EXERCISE BRIEF: Could you repeat, word for word, only the lines from the one containing "Mercedes-Benz E 320" through the final line of the records below?

Stored entries

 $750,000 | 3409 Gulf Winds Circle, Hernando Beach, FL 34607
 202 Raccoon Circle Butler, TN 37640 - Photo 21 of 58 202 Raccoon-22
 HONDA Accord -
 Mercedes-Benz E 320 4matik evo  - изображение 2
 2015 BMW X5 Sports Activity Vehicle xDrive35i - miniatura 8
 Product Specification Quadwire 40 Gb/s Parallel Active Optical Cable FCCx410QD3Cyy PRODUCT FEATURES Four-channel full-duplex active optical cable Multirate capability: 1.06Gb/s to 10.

TASK RESPONSE:
 Mercedes-Benz E 320 4matik evo  - изображение 2
 2015 BMW X5 Sports Activity Vehicle xDrive35i - miniatura 8
 Product Specification Quadwire 40 Gb/s Parallel Active Optical Cable FCCx410QD3Cyy PRODUCT FEATURES Four-channel full-duplex active optical cable Multirate capability: 1.06Gb/s to 10.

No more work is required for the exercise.